RPP, approximated by MAP, can impact Na excretion by two mechanisms. First, it can affect the amount of Na filtered, since glomerular filtration is pressure‐driven. However, glomerular pressure is normally tightly autoregulated over a wide range of MAP. Further, this would imply that a sustained change in Na intake would require a sustained change in blood pressure and GFR to return Na balance. But in most individuals, salt intake has little impact on blood pressure and GFR. The second mechanism by which pressure can affect Na excretion is through effects on tubular Na reabsorption. The existence of this pressure‐natriuresis mechanism is well established,1 but remains surprisingly poorly understood.26, 27 It may be partially achieved through neurohumoral mechanisms including the RAAS, but there is also an intrinsic pressure‐mediated effect on tubular Na reabsorption, where renal interstitial hydrostatic pressure (RIHP) is believed to be the driving signal.28 Exactly how RIHP induces changes in tubular Na transport is not well understood, but may be mediated by Starling forces,29 or changes in Na transporters30 mediated by local or systemic factors.27, 31, 32, 33, 34, 35 Currently, we model a direct effect of RIHP on Na reabsorption in each tubular segment, without attempting to prescribe the mechanisms by which RIHP is sensed and produces changes in Na reabsorption.
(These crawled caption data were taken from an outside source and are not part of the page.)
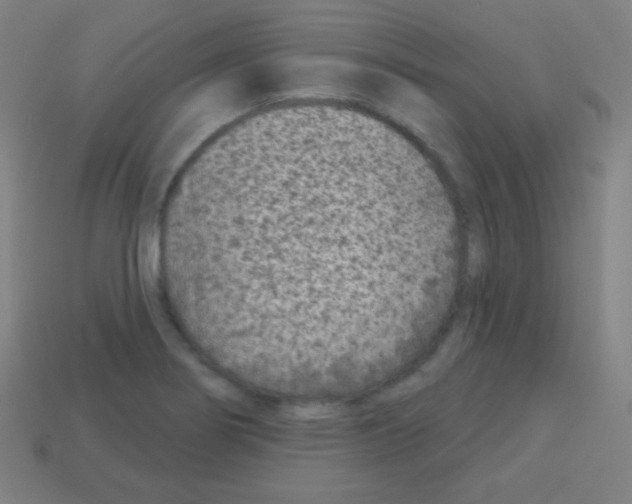 X0000113101274200910091132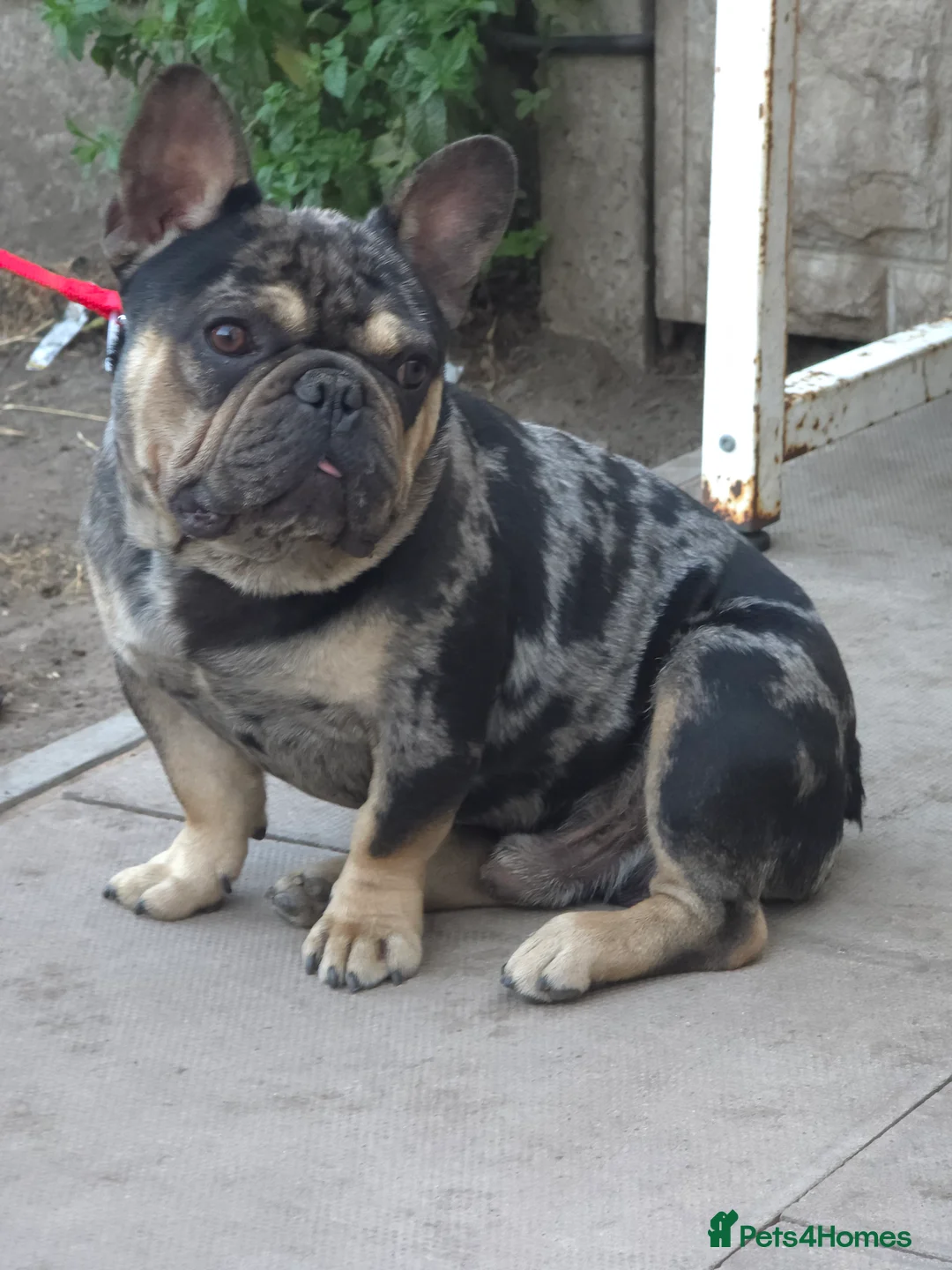 French Bulldog dogs for stud: French bulldog  - Advert 2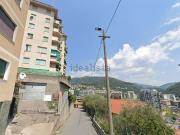 Locale in vendita di 420 m² in Via di Pino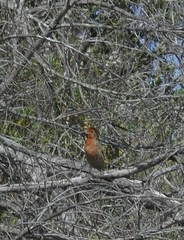 Haemorhous mexicanus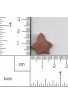 Sea star 3/4 X 3/4 inch - ( Pack of 10 ) Copper Ref: 970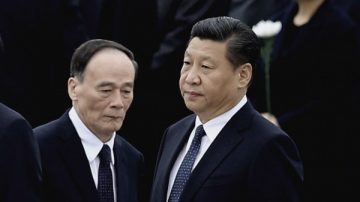 陈思敏：习王拿下安徽一虎 直逼三只老老虎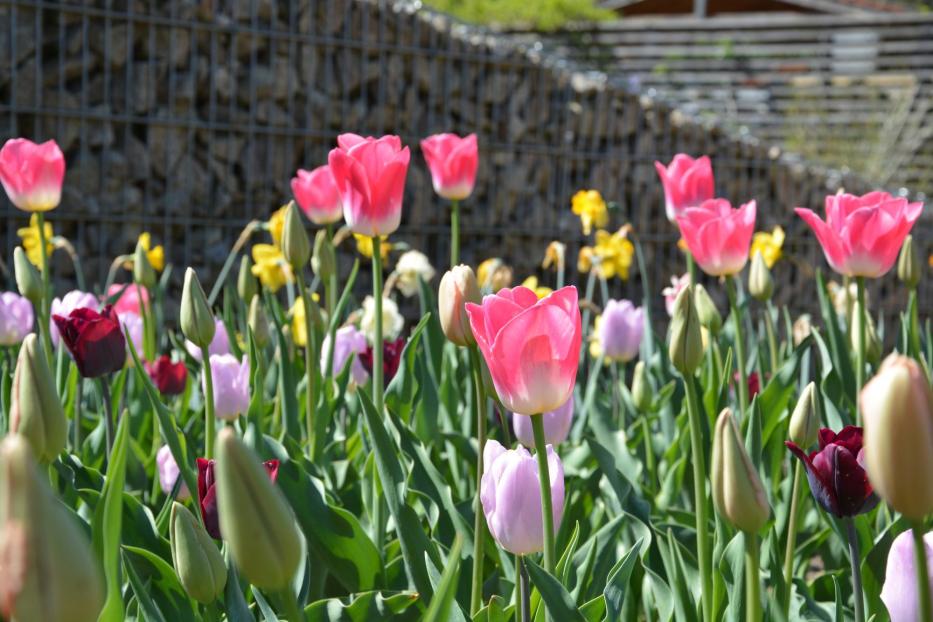 Tulpen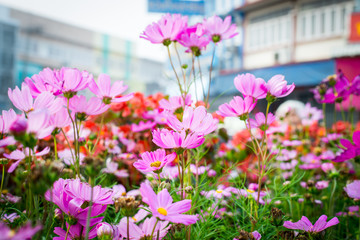 Fototapeta premium Closeup on cosmos flowers.Beautiful flowers in the garden.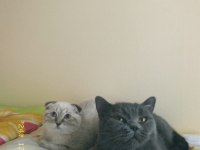 Dişi british shorthair 1 yaşında
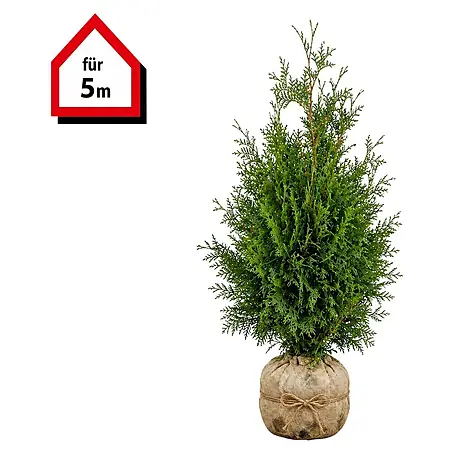 Piardino  Lebensbaum Smaragd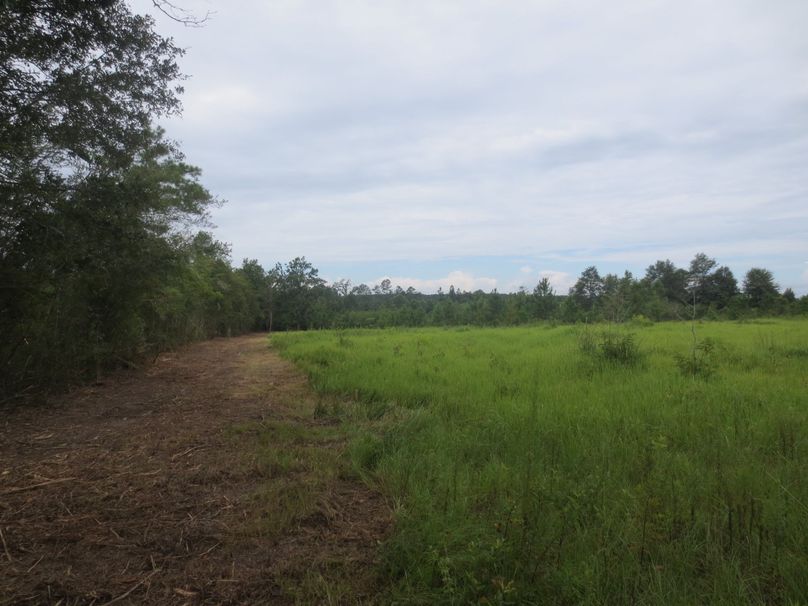 E35034DC-9D82-4C98-B114-F38DCDE14005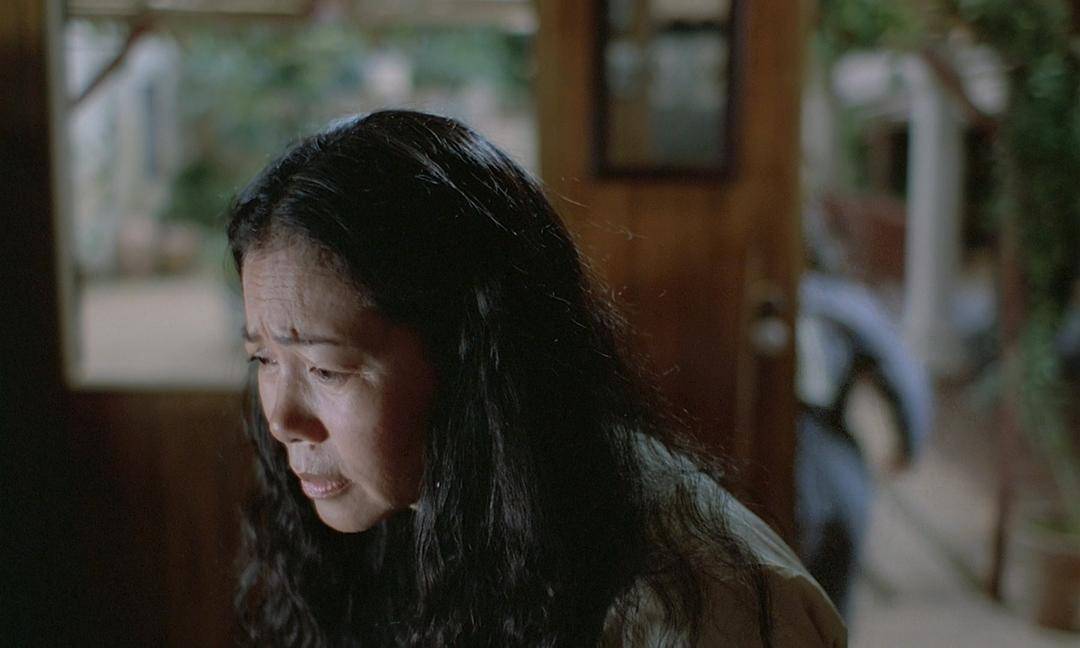 青木瓜之味照片,青木瓜之味南洋风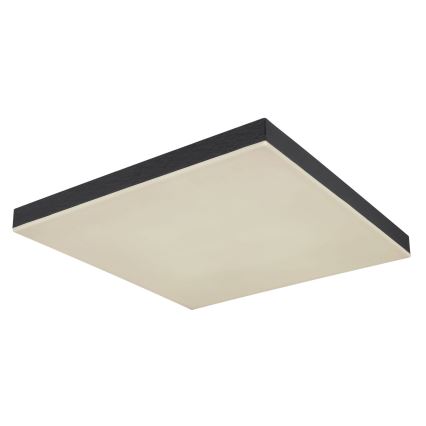 Globo - LED Prigušiva plafonska svetiljka LED/24W/230V 2700-6500K crna + daljinski upravljač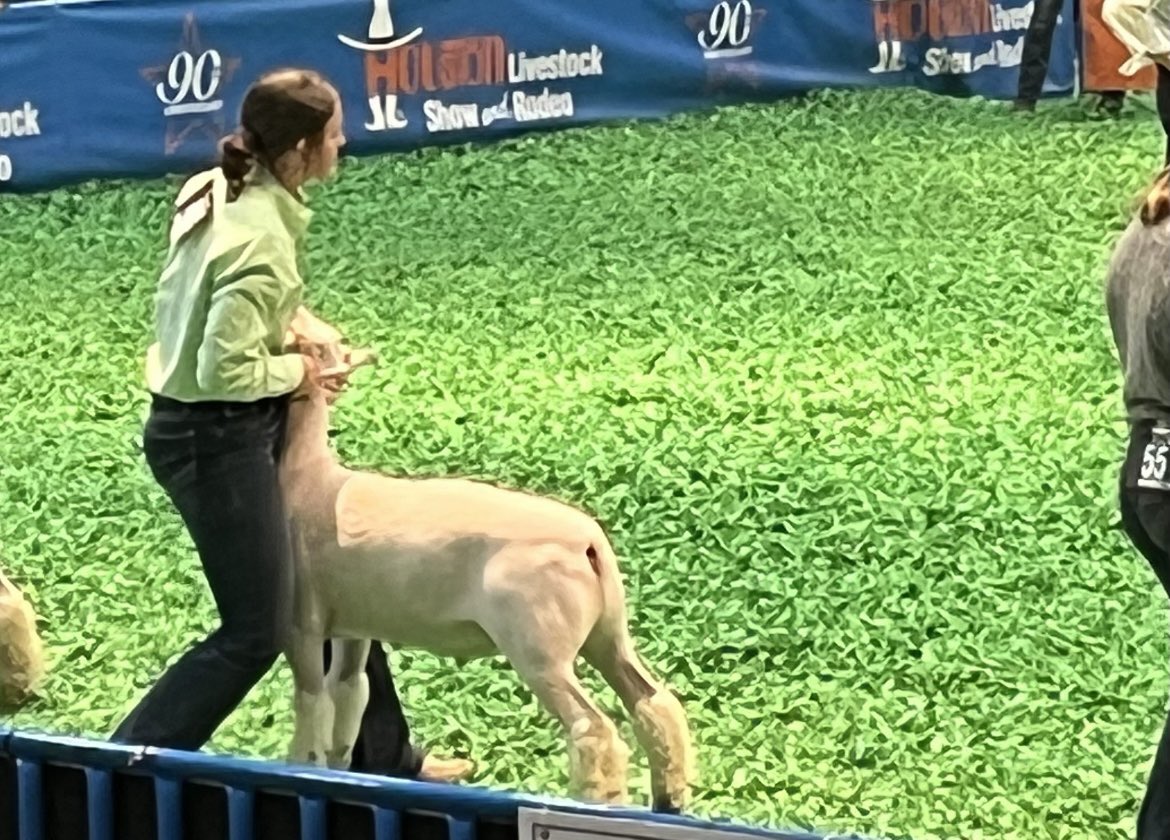 AllieFloyd2022's tweet image. Last Houston Livestock Show &amp;amp; Rodeo in the books. #anotherlast #senioryear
RIHP is a function of peritubular capillary pressure, and particularly the vasa recta,36, 37 according to Starling's law. Pressure in the peritubular capillaries is calculated according to Ohm's law:

$${\mathrm{P}}_{\text{peritubular}}=\text{MAP}-\text{RBF}\ast \left({\mathrm{R}}_{\text{preaff}}+\frac{{\mathrm{R}}_{\text{aff}}{+\mathrm{R}}_{\text{eff}}}{{\mathrm{N}}_{\text{nephrons}}}\right)$$ (32)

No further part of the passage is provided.